Quick fact: CAR T-cell therapy approvals

The U.S. Food and Drug Administration approved the first CAR T-cell therapy in 2017, indicated for patients 25 years old or younger with acute lymphoblastic leukemia. Now, seven of these therapies are licensed in the country

In the study reported in July, four patients with multiple myeloma were enrolled in a trial conducted in China. They received an experimental therapy developed by Belgian biotechnology company EsoBiotec and Chinese biopharmaceutical company Shenzhen Pregene Biopharma. Within a few months, two patients showed strong responses, and their tumors disappeared; the two other patients had partial responses, and their tumors shrank.

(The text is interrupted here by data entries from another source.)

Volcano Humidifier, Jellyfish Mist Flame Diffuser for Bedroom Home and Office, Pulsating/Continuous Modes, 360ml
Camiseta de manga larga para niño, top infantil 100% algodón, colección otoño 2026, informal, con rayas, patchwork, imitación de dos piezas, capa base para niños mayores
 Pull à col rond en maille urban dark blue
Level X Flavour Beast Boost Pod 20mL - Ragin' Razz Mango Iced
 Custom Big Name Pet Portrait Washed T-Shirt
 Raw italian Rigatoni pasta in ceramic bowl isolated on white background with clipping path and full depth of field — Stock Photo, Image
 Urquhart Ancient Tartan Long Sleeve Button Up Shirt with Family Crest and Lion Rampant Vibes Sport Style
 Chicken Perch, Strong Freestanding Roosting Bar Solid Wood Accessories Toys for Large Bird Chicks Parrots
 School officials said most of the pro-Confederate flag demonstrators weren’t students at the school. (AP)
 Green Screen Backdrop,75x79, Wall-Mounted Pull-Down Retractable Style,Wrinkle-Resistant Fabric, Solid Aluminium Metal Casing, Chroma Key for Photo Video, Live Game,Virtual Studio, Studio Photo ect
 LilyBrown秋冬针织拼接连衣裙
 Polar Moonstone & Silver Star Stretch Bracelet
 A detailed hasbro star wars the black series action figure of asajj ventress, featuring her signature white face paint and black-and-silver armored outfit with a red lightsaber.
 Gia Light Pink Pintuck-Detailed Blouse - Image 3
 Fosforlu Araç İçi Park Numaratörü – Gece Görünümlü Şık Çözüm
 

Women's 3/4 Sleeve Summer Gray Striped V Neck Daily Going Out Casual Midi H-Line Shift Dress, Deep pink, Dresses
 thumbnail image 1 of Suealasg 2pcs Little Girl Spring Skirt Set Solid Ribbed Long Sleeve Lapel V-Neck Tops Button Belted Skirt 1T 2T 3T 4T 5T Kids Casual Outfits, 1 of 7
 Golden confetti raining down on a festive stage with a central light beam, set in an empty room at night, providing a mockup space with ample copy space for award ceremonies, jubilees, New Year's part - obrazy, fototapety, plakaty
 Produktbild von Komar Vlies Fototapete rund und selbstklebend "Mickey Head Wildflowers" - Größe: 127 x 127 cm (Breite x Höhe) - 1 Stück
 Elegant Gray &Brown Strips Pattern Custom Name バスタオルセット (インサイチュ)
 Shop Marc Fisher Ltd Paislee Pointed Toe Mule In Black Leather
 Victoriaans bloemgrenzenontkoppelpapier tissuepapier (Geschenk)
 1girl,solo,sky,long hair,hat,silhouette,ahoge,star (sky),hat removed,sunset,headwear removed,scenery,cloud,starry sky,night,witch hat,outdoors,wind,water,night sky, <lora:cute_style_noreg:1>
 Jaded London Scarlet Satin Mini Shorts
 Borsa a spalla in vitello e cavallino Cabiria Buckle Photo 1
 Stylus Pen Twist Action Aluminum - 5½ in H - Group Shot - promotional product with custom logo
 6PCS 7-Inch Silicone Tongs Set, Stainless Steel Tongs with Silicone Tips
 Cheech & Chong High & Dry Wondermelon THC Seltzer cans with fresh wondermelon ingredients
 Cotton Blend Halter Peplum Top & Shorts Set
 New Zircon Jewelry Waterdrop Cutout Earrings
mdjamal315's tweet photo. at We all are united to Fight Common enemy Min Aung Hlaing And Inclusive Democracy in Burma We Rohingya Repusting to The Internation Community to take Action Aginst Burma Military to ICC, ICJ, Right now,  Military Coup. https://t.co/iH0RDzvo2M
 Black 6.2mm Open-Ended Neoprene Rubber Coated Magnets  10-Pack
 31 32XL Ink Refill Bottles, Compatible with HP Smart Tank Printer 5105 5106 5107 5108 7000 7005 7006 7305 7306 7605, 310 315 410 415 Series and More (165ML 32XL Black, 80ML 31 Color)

Still, after receiving an infusion with the experimental therapy, three of the patients experienced a drop in blood pressure that required treatment, and two of them needed supplemental oxygen. One patient also experienced a “mild disturbance of consciousness,” according to the paper.

The patients recovered, but Heng Mei, a study co-author and hematologist at the Huazhong University of Science and Technology in China, tells Science that these side effects don’t usually occur with conventional CAR T-cell therapy. However, lab-made CAR T cells often cause the immune system to become overactive, inducing fever, chills and other flu-like symptoms. All patients in the in vivo therapy trial experienced minor inflammatory reactions after receiving their infusions.

In the second trial, presented at the meeting in December, three patients with multiple myeloma received an experimental therapy developed by Boston-based biotechnology company Kelonia Therapeutics. All patients had a minimal amount of cancer cells at the one-month mark, and they’ve shown no disease progression since receiving the treatment. Side effects were milder than in the other study.

Still, “it’s very early. They’re only reporting on three patients, so we still have a lot more to learn,” Michael Rosenzweig, a hematologist-oncologist at City of Hope who was not involved with the trial, tells Mary Caffrey and Ryan Flinn at the American Journal of Managed Care. “But it’s definitely an exciting abstract that’s beginning, at least, to offer proof of principle that it’s possible to do this with some efficacy.”